Haploporus is a genus of poroid fungi in the family Polyporaceae.

==Taxonomy==
The genus Haploporus was circumscribed by mycologists Appollinaris Semenovich Bondartsev and Rolf Singer in 1944 with Haploporus odorus as the type, and only species. The name Haploporus is derived from the Greek words απλόος ("simple"), and πόρος ("pore").

Yu-Cheng Dai and colleagues treated the genus Pachykytospora as a synonym of Haploporus in 2002, and then in subsequent publications. Marcin Piątek proposed dividing Haploporus into two sections: sect. Haploporus (cap-like fruit bodies), and sect. Pachykytospora (crust-like fruit bodies).
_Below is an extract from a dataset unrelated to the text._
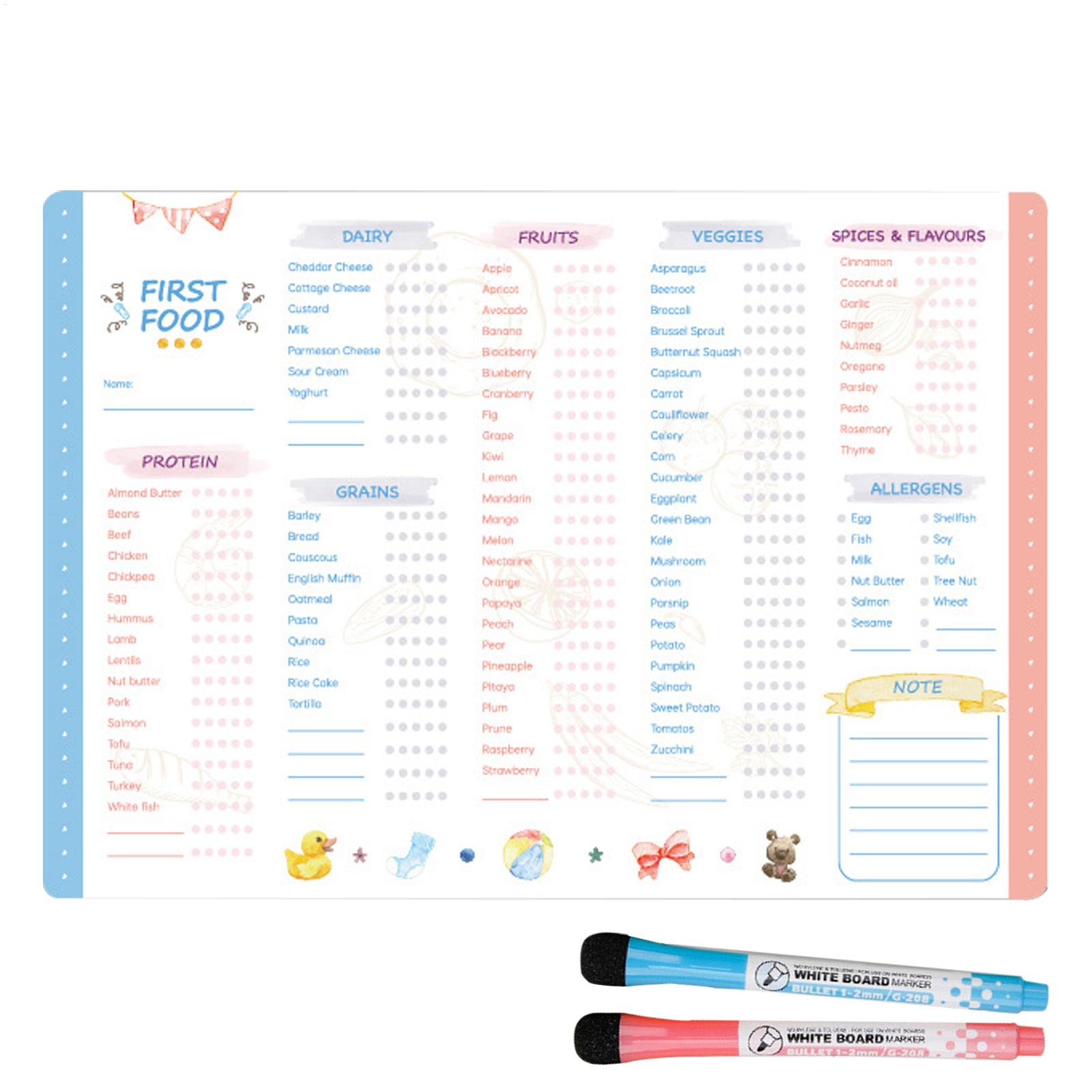 Baby Food Tracker - قائمة مراجعة الأطعمة الأولى القابلة لإعادة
Leif Ryvarden, who adopts a "pragmatic and conservative generic concept" in his 2014 work on European polypores, treats Haploporus as monotypic, containing only H. odorus.
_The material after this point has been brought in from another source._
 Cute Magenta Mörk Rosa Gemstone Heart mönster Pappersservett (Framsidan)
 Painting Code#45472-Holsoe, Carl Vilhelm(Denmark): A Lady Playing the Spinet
Using Haploporus tuberculosis as a representative generic exemplar, molecular analysis showed Haploporus to be nested within the core polyporoid clade, a phylogenetic grouping of fungi roughly equivalent to the family Polyporaceae.

==Description==
Haploporus species have an annual to perennial growth habit. They are crust like, with sessile or effused-reflexed (crust like with outside edges extended to form caps) fruit bodies. The hyphal system of Haploporus is dimitic to trimitic; the generative hyphae have clamp connections. The spores are oblong ellipsoid to roughly spherical, ornamented, thick-walled and cyanophilous.
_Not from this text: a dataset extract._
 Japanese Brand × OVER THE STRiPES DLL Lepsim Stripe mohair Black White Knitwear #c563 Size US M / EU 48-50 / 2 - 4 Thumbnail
==Habitat and distribution==
Haploporus fungi cause a white rot.

==Species==
As of January 2018, Index Fungorum accepts 6 species of Haploporus, retaining Pachykytospora as an independent genus. In a 2016 taxonomic and phylogenetic study of the genus, Chinese scientists accept 13 species, including three newly described species from China.
- Haploporus alabamae (Berk. & Cooke) Y.C.Dai & Niemelä (2002)
- Haploporus amarus X.L.Zeng & Y.P.Bai (1993) – China
- Haploporus angustisporus Meng Zhou & Y.C. Dai (2019) – China
- Haploporus crassus Meng Zhou & Y.C. Dai (2019) – China
- Haploporus cylindrosporus L.L.Shen, Y.C.Dai & B.K.Cui (2016) – China
- Haploporus gilbertsonii Meng Zhou & Y.C. Dai (2019) – U.S.
- Haploporus latisporus Juan Li & Y.C.Dai (2007) – China
- Haploporus microsporus Meng Zhou & Y.C. Dai (2019) – China
- Haploporus nanosporus (A.David & Rajchenb.) Piątek (2005)
- Haploporus nepalensis (T.Hatt.) Piątek (2003) – Europe
- Haploporus odorus (Sommerf.) Bondartsev & Singer (1944)
- Haploporus papyraceus (Cooke) Y.C.Dai & Niemelä (2002)
- Haploporus pirongia (G.Cunn.) Meng Zhou, Y.C.Dai & T.W.May (2019) – Australia & N.Z.
- Haploporus septatus L.L.Shen, Y.C.Dai & B.K.Cui (2016) – China
- Haploporus subpapyraceus L.L.Shen, Y.C.Dai & B.K.Cui (2016) – China
- Haploporus subtrameteus (Pilát) Y.C.Dai & Niemelä (2002)
- Haploporus thindii (Natarajan & Koland.) Y.C.Dai (2005) – China; India
- Haploporus tuberculosis (Fr.) Niemelä & Y.C.Dai (2002)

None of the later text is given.